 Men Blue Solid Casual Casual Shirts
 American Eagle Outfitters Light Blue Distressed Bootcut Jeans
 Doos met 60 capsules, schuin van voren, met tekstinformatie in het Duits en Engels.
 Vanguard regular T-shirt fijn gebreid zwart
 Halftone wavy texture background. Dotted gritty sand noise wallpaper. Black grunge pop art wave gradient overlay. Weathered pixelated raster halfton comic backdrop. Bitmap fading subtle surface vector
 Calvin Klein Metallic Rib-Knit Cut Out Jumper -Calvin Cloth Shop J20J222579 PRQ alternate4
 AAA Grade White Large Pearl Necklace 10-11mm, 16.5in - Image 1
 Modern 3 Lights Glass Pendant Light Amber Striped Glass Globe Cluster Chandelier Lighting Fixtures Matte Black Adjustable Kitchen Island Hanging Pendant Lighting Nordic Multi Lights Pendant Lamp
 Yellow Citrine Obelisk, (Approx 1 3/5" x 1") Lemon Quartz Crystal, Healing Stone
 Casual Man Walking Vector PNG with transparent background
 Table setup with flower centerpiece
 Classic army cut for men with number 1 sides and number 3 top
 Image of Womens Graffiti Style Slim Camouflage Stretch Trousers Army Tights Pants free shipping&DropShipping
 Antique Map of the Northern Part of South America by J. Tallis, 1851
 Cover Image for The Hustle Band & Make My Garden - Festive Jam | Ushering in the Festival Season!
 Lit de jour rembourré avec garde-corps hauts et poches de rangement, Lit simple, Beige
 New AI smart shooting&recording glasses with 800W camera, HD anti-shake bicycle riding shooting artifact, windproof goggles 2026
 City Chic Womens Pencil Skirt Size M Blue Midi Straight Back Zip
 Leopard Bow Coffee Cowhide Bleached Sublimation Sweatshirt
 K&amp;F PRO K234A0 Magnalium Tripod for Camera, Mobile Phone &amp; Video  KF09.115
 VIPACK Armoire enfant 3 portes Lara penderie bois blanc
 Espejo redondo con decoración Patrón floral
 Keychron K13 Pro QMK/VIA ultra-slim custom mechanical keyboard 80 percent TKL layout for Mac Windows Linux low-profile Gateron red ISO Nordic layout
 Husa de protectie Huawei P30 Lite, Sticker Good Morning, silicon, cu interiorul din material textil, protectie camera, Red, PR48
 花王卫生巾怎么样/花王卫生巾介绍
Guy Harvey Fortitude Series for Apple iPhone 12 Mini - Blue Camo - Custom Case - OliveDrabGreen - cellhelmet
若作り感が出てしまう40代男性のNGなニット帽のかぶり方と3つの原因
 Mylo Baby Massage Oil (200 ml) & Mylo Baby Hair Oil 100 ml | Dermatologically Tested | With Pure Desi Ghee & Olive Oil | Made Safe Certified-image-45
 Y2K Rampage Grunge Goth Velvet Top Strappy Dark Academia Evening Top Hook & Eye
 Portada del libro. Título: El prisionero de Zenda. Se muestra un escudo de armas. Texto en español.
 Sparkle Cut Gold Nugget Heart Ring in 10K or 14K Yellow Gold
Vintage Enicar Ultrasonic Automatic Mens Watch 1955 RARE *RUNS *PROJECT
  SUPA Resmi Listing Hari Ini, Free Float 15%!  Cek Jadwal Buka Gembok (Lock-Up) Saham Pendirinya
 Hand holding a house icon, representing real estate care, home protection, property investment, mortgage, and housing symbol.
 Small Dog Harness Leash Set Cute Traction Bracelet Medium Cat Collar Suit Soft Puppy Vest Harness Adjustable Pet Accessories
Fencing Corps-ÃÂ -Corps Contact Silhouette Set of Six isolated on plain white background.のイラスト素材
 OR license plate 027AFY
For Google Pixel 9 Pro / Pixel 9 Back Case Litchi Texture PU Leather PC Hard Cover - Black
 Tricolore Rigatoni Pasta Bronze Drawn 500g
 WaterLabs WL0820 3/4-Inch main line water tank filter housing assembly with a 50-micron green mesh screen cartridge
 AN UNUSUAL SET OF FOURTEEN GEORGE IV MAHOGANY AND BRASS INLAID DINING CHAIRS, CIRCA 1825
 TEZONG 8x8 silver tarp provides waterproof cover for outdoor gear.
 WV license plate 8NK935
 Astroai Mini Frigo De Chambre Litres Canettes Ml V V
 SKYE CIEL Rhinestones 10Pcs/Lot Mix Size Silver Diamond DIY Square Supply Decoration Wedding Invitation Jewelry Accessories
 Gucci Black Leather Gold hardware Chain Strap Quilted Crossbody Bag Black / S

**What the task asks**: Write out, exactly and with nothing else, the lines of the listing above from its first line through the line with "Keychron K13 Pro".

**Output for this task**:
 Men Blue Solid Casual Casual Shirts
 American Eagle Outfitters Light Blue Distressed Bootcut Jeans
 Doos met 60 capsules, schuin van voren, met tekstinformatie in het Duits en Engels.
 Vanguard regular T-shirt fijn gebreid zwart
 Halftone wavy texture background. Dotted gritty sand noise wallpaper. Black grunge pop art wave gradient overlay. Weathered pixelated raster halfton comic backdrop. Bitmap fading subtle surface vector
 Calvin Klein Metallic Rib-Knit Cut Out Jumper -Calvin Cloth Shop J20J222579 PRQ alternate4
 AAA Grade White Large Pearl Necklace 10-11mm, 16.5in - Image 1
 Modern 3 Lights Glass Pendant Light Amber Striped Glass Globe Cluster Chandelier Lighting Fixtures Matte Black Adjustable Kitchen Island Hanging Pendant Lighting Nordic Multi Lights Pendant Lamp
 Yellow Citrine Obelisk, (Approx 1 3/5" x 1") Lemon Quartz Crystal, Healing Stone
 Casual Man Walking Vector PNG with transparent background
 Table setup with flower centerpiece
 Classic army cut for men with number 1 sides and number 3 top
 Image of Womens Graffiti Style Slim Camouflage Stretch Trousers Army Tights Pants free shipping&DropShipping
 Antique Map of the Northern Part of South America by J. Tallis, 1851
 Cover Image for The Hustle Band & Make My Garden - Festive Jam | Ushering in the Festival Season!
 Lit de jour rembourré avec garde-corps hauts et poches de rangement, Lit simple, Beige
 New AI smart shooting&recording glasses with 800W camera, HD anti-shake bicycle riding shooting artifact, windproof goggles 2026
 City Chic Womens Pencil Skirt Size M Blue Midi Straight Back Zip
 Leopard Bow Coffee Cowhide Bleached Sublimation Sweatshirt
 K&amp;F PRO K234A0 Magnalium Tripod for Camera, Mobile Phone &amp; Video  KF09.115
 VIPACK Armoire enfant 3 portes Lara penderie bois blanc
 Espejo redondo con decoración Patrón floral
 Keychron K13 Pro QMK/VIA ultra-slim custom mechanical keyboard 80 percent TKL layout for Mac Windows Linux low-profile Gateron red ISO Nordic layout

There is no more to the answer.